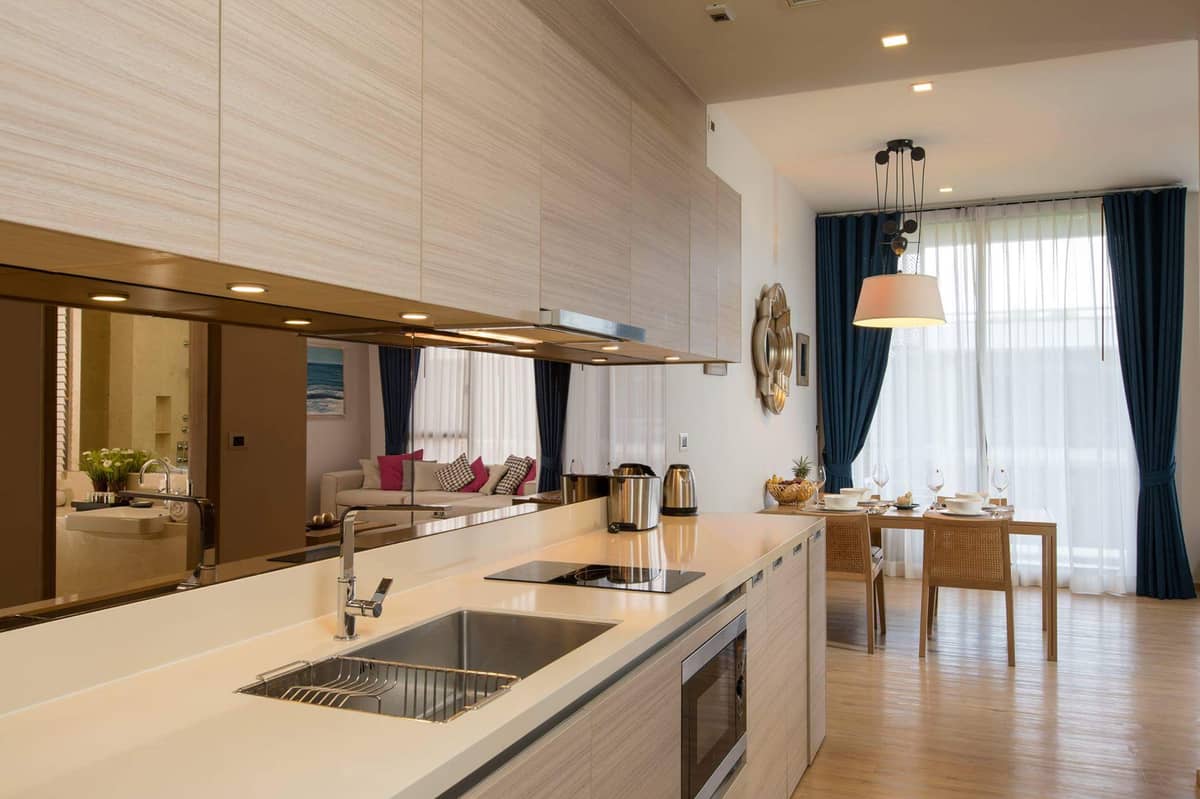 Rent apartments Baan Mai Khao 8/37, Thailand, Phuket, Mai Khao | Villacarte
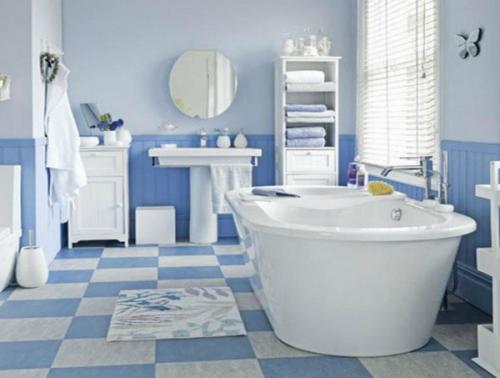 Расположение сантехники в узкой ванной. Расположение сантехники в ванной: правила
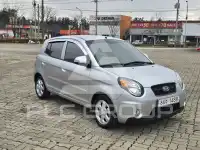2009 KIA Morning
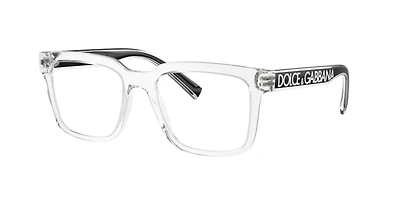 Dolce&Gabbana Man Crystal
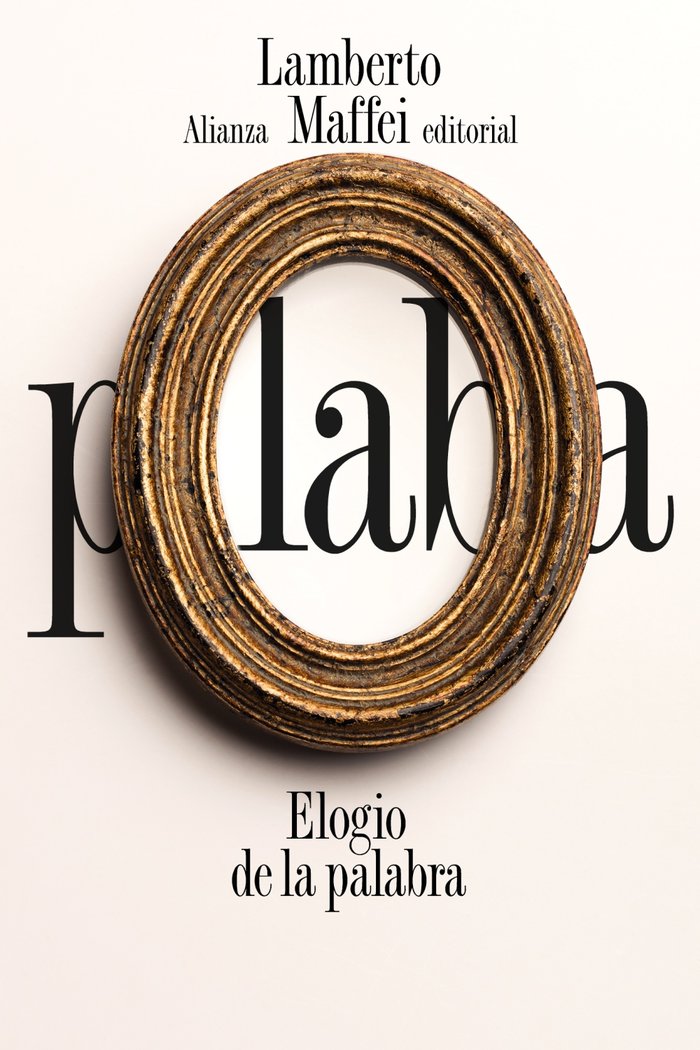 Elogio de la Palabra-Maffei Lamberto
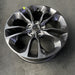 20" DURANGO 19-20 20x8, , double spoke, bronze Original OEM Wheel Rim - View 8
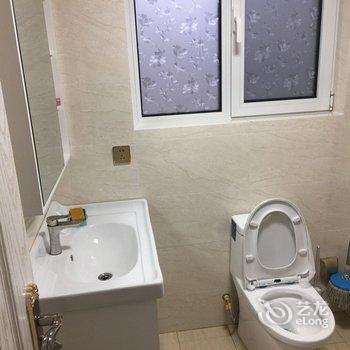 青岛呆呆的神公寓酒店提供图片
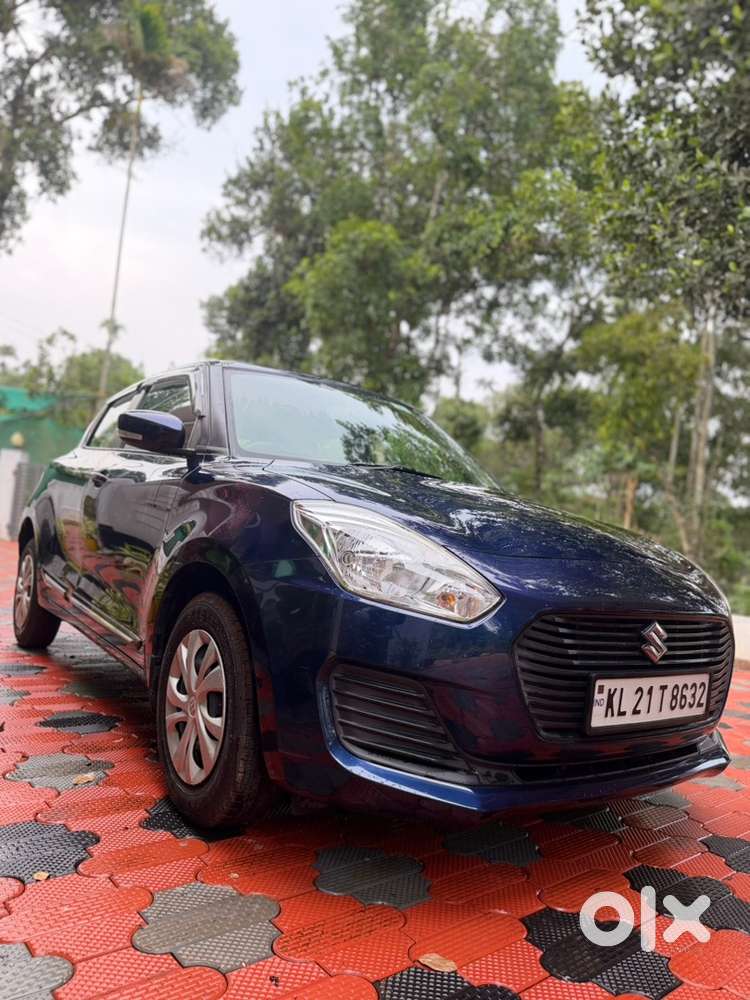 Maruti Suzuki Petrol 2019 Automatic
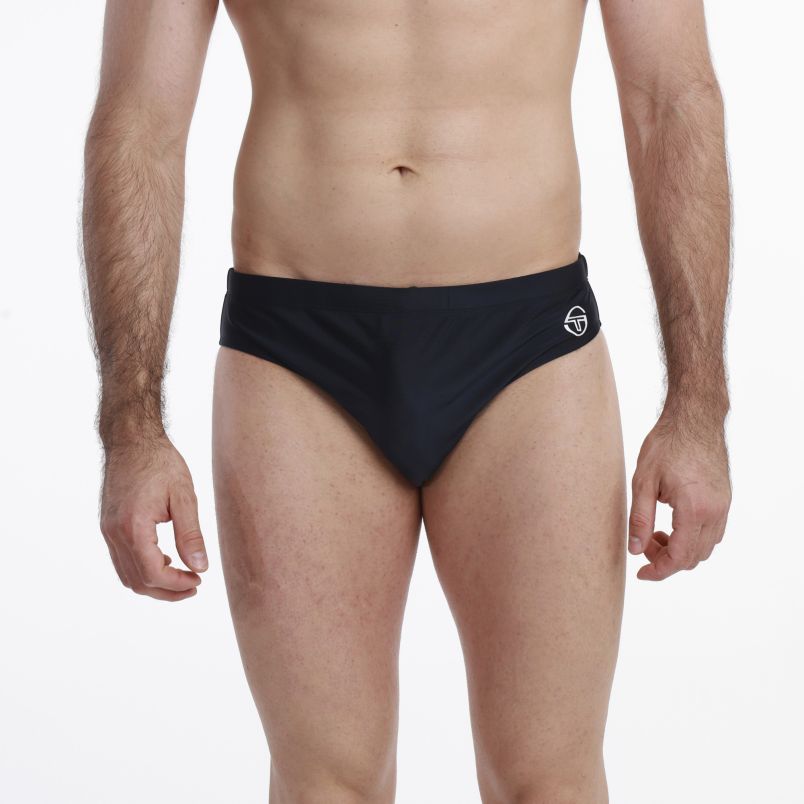 SERGIO TACCHINI Kupaći signature briefs M - STA241M011-02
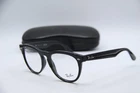 New Ray-ban Rb 4471-V 8192 Black Authentic Frames Eyeglasses 54-18. Price: $187.78.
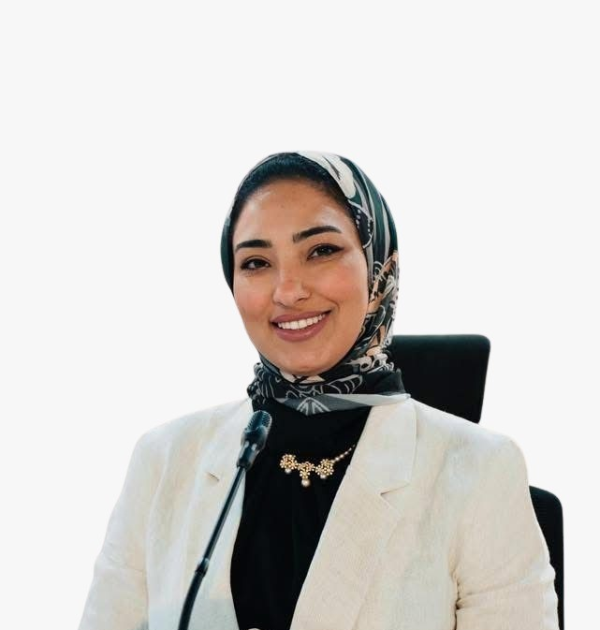 Reham Salama El Shinnawy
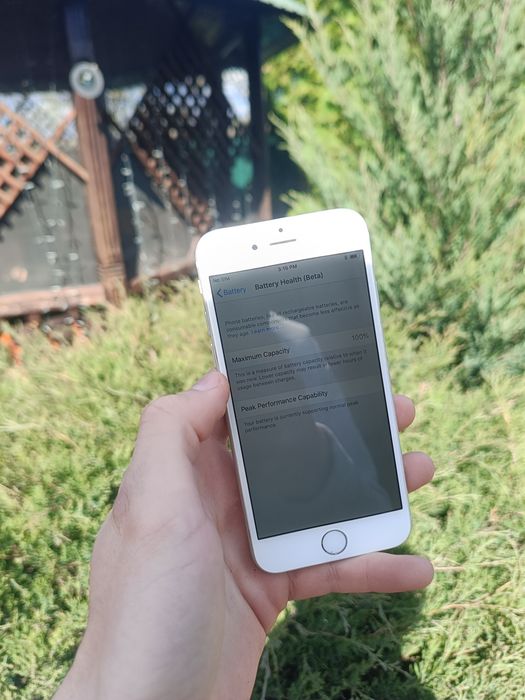 Apple iPhone 6 16gb neverlook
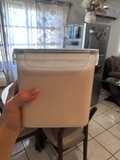 Leche de Almendras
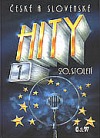 kniha České a slovenské hity 20. století 1. díl, G & W 2002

☆ ☆ ☆

## Your goal
All that belongs in the answer is the lines from the line with "Leche de Almendras" through the closing line of the entries, inclusive, transcribed exactly and free of pictures.

## The completed task
 Leche de Almendras
 kniha České a slovenské hity 20. století 1. díl, G & W 2002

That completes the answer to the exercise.